What is chickenpox? What causes chickenpox?

Chickenpox is a common childhood skin disease caused by a virus. The virus is called the varicella-zoster virus.

Most people contract chickenpox by age 15, the majority between ages 5 and 9, but all ages can contract it. Chickenpox is usually more severe in adults and very young infants than children. Winter and spring are the most common times of the year for chickenpox to occur.

How does chickenpox spread?

Chickenpox is very highly contagious. It is easily passed between members of families and school classmates through airborne particles, droplets in exhaled air and fluid from the blisters or sores. It also can be transmitted indirectly by contact with articles of clothing and other items exposed to fresh drainage from open sores. Patients are contagious up to five days (more commonly, one to two days) before and five days after the date that their rash appears. When the sores have crusted over, the person is usually no longer contagious.

What are the signs and symptoms of chickenpox?

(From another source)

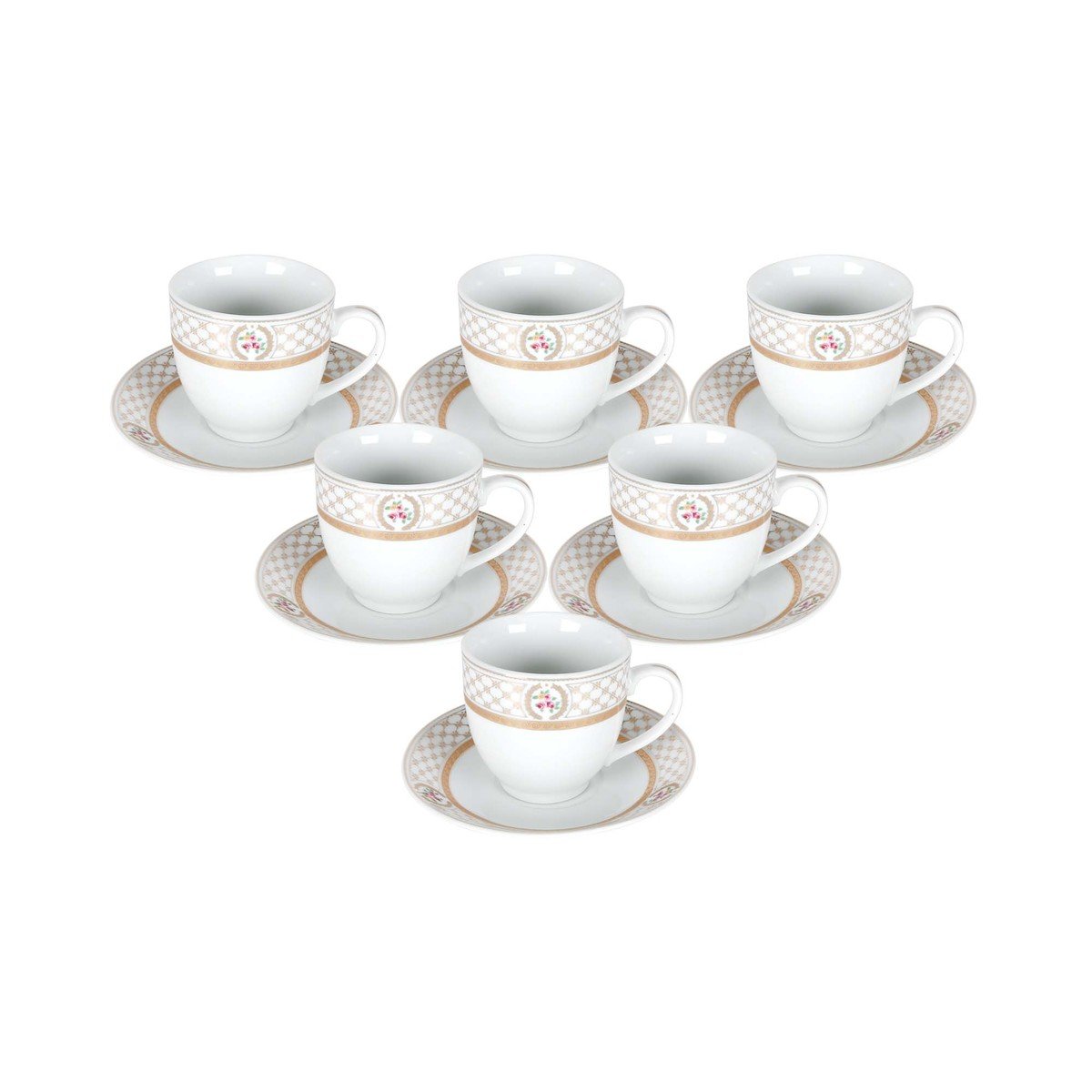 Pearl Noire Ceramic Cup & Saucer DO16156G 12pcs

Symptoms tend to appear 14 to 16 days after the initial exposure but can occur any time from 10 days up to 21 days after contact with the virus. Chickenpox is characterized by one to two days of mild fever up to 102 degrees F, general weakness, and a rash, often the first sign of the disease. Rarely, a person may have the disease without the rash. The rash of chickenpox develops in crops with raised red spots arriving first, progressing to blisters that burst, creating open sores, before crusting over. This process usually starts on the scalp, then the trunk (its area of greatest concentration), and finally the arms and legs. Any area of skin that is irritated (by diaper rash, poison ivy, eczema, sunburn, etc.) is likely to be hard hit by the rash. The rash is typically very itchy (pruritic).

What are the treatments for chickenpox?

Most of the treatments for chickenpox are aimed at decreasing the symptoms, such as severe itching. Acetaminophen (Tylenol) can be used to decrease the fevers and aches often associated with the initial presentation of the viral infection. Children should never be given aspirin or aspirin-containing cold medications because of the risks for developing Reye's syndrome (a severe acquired metabolic disease associated with liver and brain dysfunction and death).

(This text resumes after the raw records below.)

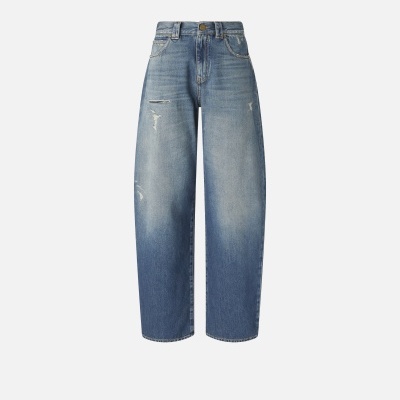 Balloon-fit jeans with extra-curve leg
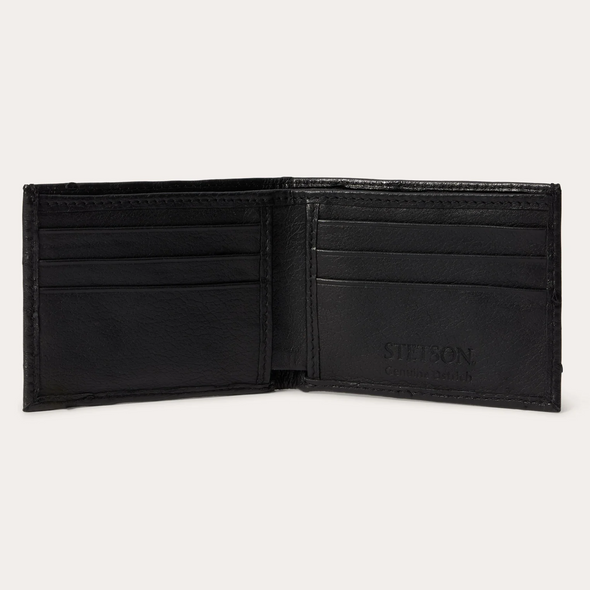 STETSON BIFOLD OSTRICH BLACK COWBOY - ACCESSORIES WALLET  - 9808002-019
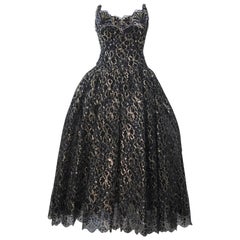 SCAASI - Robe bustier en dentelle métallique à fleurs noires et dorées, taille 4-6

Frequent oatmeal baths (Aveeno, etc.) can decrease the itching associated with chickenpox. In addition, soothing lotions and moisturizers such as calamine lotion or any other similar over-the-counter preparation can be applied to the rash.

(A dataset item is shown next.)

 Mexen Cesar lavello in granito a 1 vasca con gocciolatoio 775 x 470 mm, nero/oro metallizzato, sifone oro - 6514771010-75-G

Benadryl or other antihistamines can be helpful in controlling the itching. Though Benadryl is available over the counter, other antihistamines can also be used. Always discuss these treatment options with your health-care practitioner.

In addition to medications, there are also preventive measures that are needed. For young children, it is important to keep nails trimmed in order to minimize injury due to scratching and to control the risks for secondary bacterial infections.

Lastly, in some cases of chickenpox, acyclovir can be prescribed. Acyclovir is an antiviral medication which has been used to shorten the duration of the infection. This medication has only been shown to be affective if started within one to two days of onset of the rash associated with chickenpox. Most commonly, this treatment is reserved for patients with other diagnoses which put them at risk for severe disease (severe skin diseases, immunodeficiency).

What are the possible complications of chickenpox?

Complications can and do occur from chickenpox. Infection of the open pox sore by bacteria can injure the skin, sometimes causing scarring, especially if the patient scratches the inflamed area. Bacterial skin infection is, in fact, the most common complication of chickenpox in children. The next most common complications in children affect the central nervous system and include a disorder of the cerebellar portion of the brain (cerebellar ataxia with wobbliness, dizziness, tremor, and altered speech), encephalitis (inflammation of the brain with headaches, seizures, and decreased consciousness), damaged nerves (nerve palsies) and Reye's syndrome, a potentially fatal combination of liver and brain disease that can be associated with aspirin. (Children with fever should not take aspirin.) Especially serious
complications can occur in patients with AIDS, lupus, leukemia, and cancer. Complications also occur in people taking immune-suppressing drugs, such as cortisone-related medications. Newborn infants whose mothers have chickenpox in the last trimester of pregnancy are at increased risk from the disease. If the mother develops the disease from five days before to two days after delivery, the fatality rate for the baby is up to 30%.

Can chickenpox be prevented with a vaccine?

Most people develop lifetime immunity to chickenpox after the first occurrence and never experience it again. But the virus can sometimes resurface later in life as shingles (zoster). The current aim in the U.S. and many other countries is to achieve universal (or nearly universal) immunization of children with the chickenpox vaccine. The vaccination requires only two shots. The first vaccination is given at about 1 year of age, and the second (booster) is given at 4 years of age. If an older person has not had chickenpox, the shot may be given at any time. There have been few significant adverse reactions to the chickenpox vaccine. All children, except those with a compromised immune system, should have the vaccination.